Thokk brought his hands up to his face, rubbing his sleepy eyes awake. 

“Come on, come on. We haven’t got all day trooper,” Connor laughed to him as he passed round Thokk’s chair, “could be the next war, this.” 

Thokk tossed him a glance from over the back of his chair just as Connor filled a cup with water. 

“Oh, don’t give me that,” Connor smiled back taking a sip. He continued facetiously, “get out of the wrong side of the chair this morning did we?” 

“Enjoy peeling potatoes, Spudder?” Thokk passed back, getting up out of his seat. “How many this time?” 

“Five. What could I do though? They were resisting arrest,” Connor shrugged jovially. 

“But you were at a bar drinking,” Thokk interjected. 

“Yeah, but I was on duty,” Connor shrugged again.
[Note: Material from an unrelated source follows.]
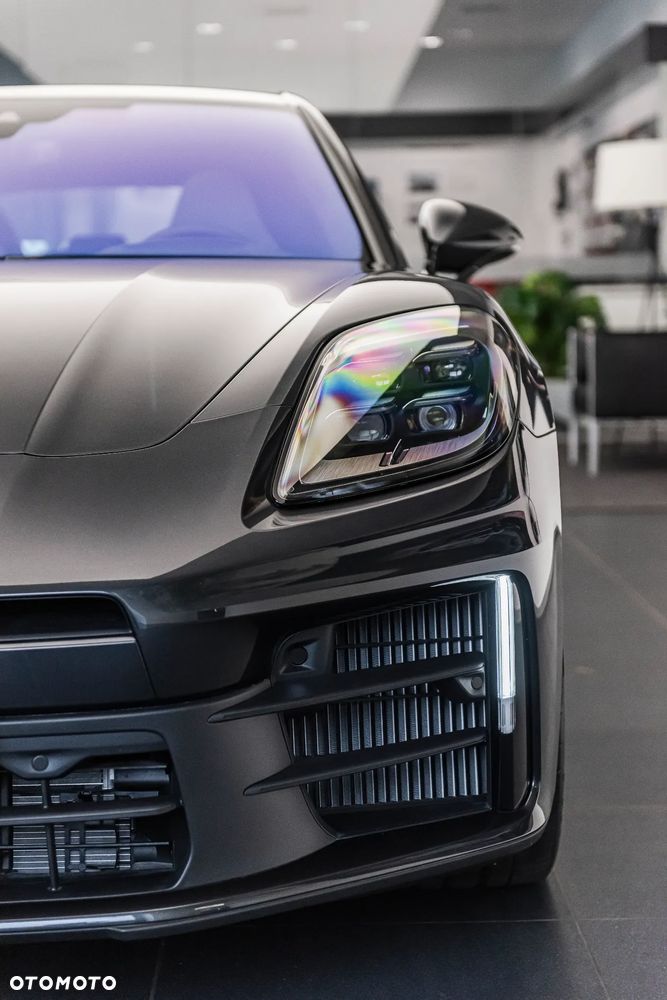 Porsche Panamera 4 - 35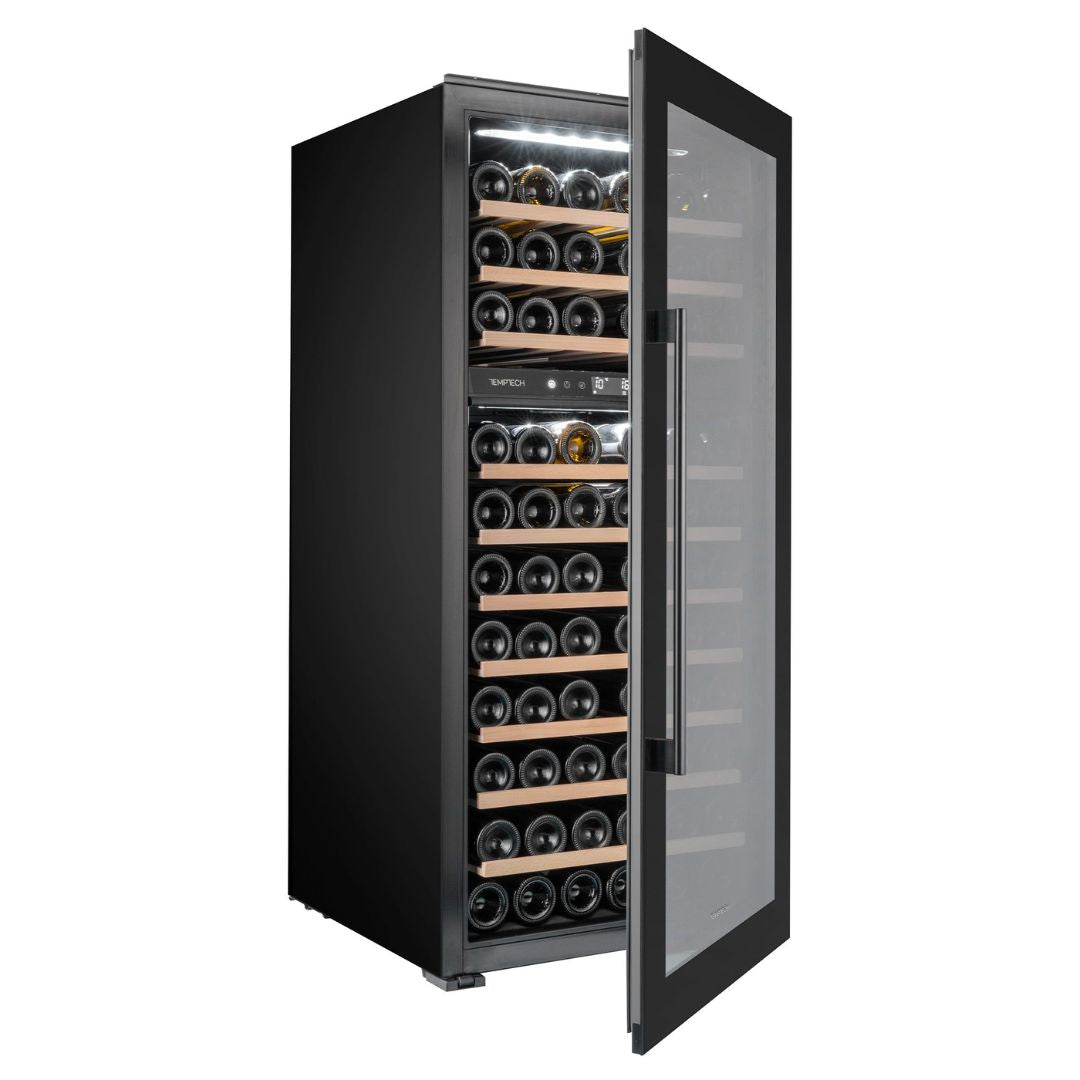 Temptech Oslo OZ124DB-24 inbouw wijnkoelkast, schuin met open deur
After a moment the two burst into laughter. 

Thokk left Connor in the common room and, leaving the building, walked across the yard towards the captain's office. Cutting across the yard, he briefly watched some of the troops practicing drill manoeuvres. By the looks of things they could have been practicing for a public showing, but it was so hard to tell. The officers liked to add a bit of variation into drill manoeuvres to stop the troops from getting bored or complacent; he had heard nothing about any planned public demonstration of force though. 

For a moment he pondered whether the meeting he had been called to might be to inform him of just such plans, but he quickly shook the thought from his mind; as far as he was aware he was the only one in attendance, it was far more likely to do with the arrests he had made the previous night. Avoiding the morning’s drill, the young fighter entered the building again, and traversed the stairs to the top floor. Approaching the captain’s door he gave it a firm couple of rapps before being called in. 

“Ah, Thokk, come in,” came Captain Tolliver Trask’s typically firm greeting. Thokk entered, closing the door behind him and approached Trask’s desk. 

Behind Trask, sat on the sill of the window overlooking the yard, was an older man. He was smartly dressed, his staff propped up in the corner of the room by the captain’s personal drinks cabinet. 

“This here is Allustan, one of the elders of Diamond Lake. I have told him a lot about you, and it seems he has a job he could use your help with.” Tolliver turned to Allustan, “now if you will excuse me, I will let you discuss the matter in private. Good day, Allustan.” 

“You also Tolliver; and thank you.” 

With that, Tolliver left the room. 

“So, Thokk, I believe you shall be coming of age soon. Soon you shall have to choose between a life here in the local militia,” Allustan swept both hand and gaze across the room, obviously signifying what Thokk had already seen of the place throughout his training. “Or,” he continued, bringing his gaze back to Thokk, “a life down in the mines.” Allustan gave a slight shrug; Thokk just gazed back, rather nervous about where this, seemingly rather one-sided conversation, was headed. 

“I understand you are responsible for several arrests last night. Tolliver tells me you show a lot of promise.” Thokk said nothing, remaining at attention, wondering what it was all this had to do with him. “I am here because I can offer you a third choice. If you wish I can give you the opportunity to become an adventurer. All you need to do is a job for me.” 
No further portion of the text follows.